GLOBAL WEATHER HIGHLIGHTS

OCTOBER 2024

EUROPE

Home to more than 120 shops, a cinema and 34 restaurants, the Bonaire shopping Centre had long been known as one of the largest in the Valencia region. After flood waters coursed through the municipality of Aldaia last week, it began making headlines for another reason: disinformation over the fate of its vast underground car park.  Online personalities, including one with more than 10 million followers, along with a prominent TV host and a far-right activist, seized on the fact that rescuers had been unable to enter the car park, falsely claiming that it contained hundreds – if not thousands – of bodies.  This week, as the flood waters receded, they were roundly discredited by Spanish police and the army, who said the car park had been searched and no bodies had been found.  It was a glimpse of the speculation, false claims and hoaxes that have surged after the deadly storm, straining a country already wrestling with the deaths of more than 200 people. “The disinformation started on Tuesday night,” said Ximena Villagrán of Maldita.es, a nonprofit foundation dedicated to factchecking. “And from that moment onwards, there was a significant explosion.”

Rescue teams are searching for survivors after flash floods and landslides hit parts of Bosnia, killing at least 16 people and injuring dozens more.  Construction machines worked to remove piles of rocks and debris covering the central town of Jablanica after the rainstorm early on Friday.  Huge volumes of rain fell in the area around Jablanica and nearby Konjic, causing sudden flooding that inundated people’s homes as they were sleeping.

UNITED STATES

By now, the canvassers at Make the Road Nevada know how to prepare themselves for the record-breaking heat.  Members of the progressive group – which focuses on mobilising Black and Latino voters – layer on white, UPF-protective shirts, and sweat-wicking performance wear.
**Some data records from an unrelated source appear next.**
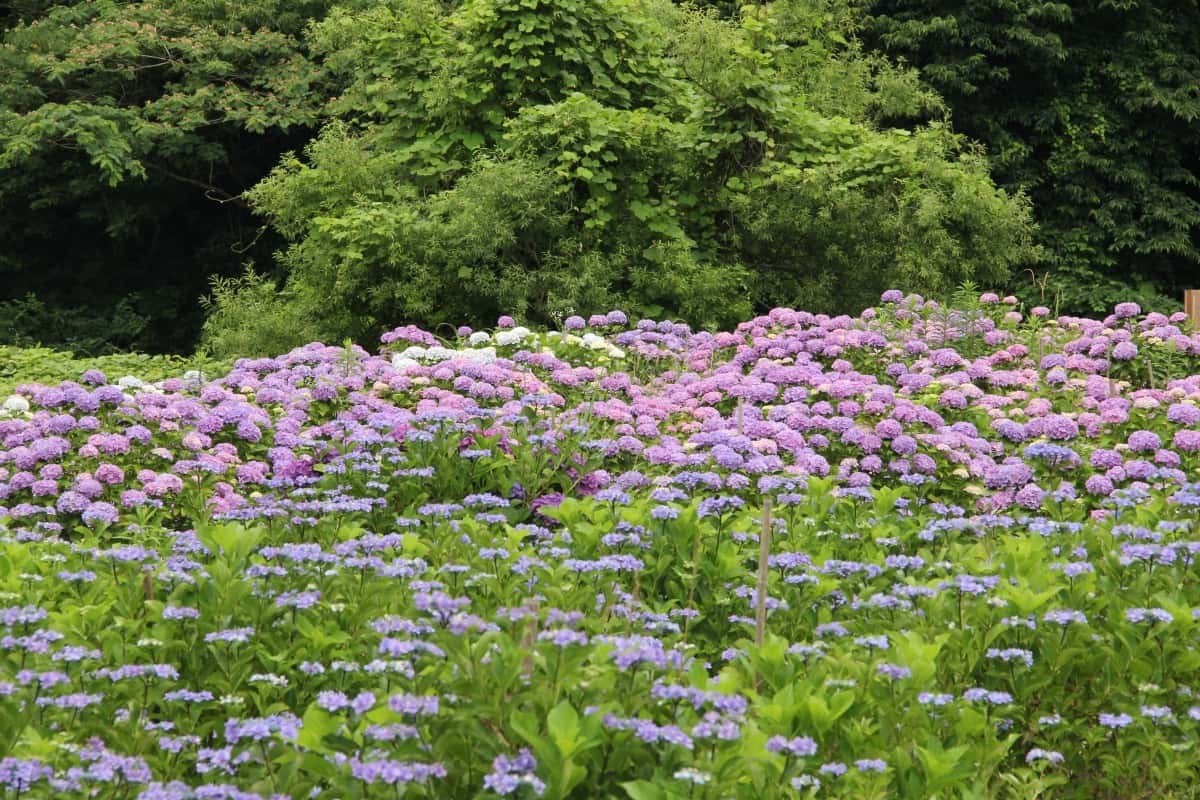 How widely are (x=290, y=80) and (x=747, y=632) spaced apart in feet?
43.8

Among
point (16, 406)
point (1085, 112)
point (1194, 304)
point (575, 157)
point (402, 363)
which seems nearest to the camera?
point (16, 406)

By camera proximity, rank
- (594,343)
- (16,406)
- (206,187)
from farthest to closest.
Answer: (206,187)
(594,343)
(16,406)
They fill their 50-quart coolers with ice-cold water. And they pack lots and lots of chips – barbecue Lays, and Cheetos and Doritos – for the road. The salt helps stave off dehydration.  “Hey, at least it hasn’t broken 100[F] yet,” said Marco Rangel, an electoral campaign manager for the group, as the canvassers made their way outside, into the boiling autumn sun. By 10am, the temperature had already ticked past 90F, but a mid-October heatwave was expected to bring highs of 105F. “Be careful out there,” Rangel warned.  Residents of this desert city are used to searing summers, but this year Las Vegas endured a string of record-breaking heatwaves. This June was Las Vegas’s hottest ever, and in July the city endured a record seven days when temperatures registered at 115F or higher. It also marked an all-time temperature record of 120F.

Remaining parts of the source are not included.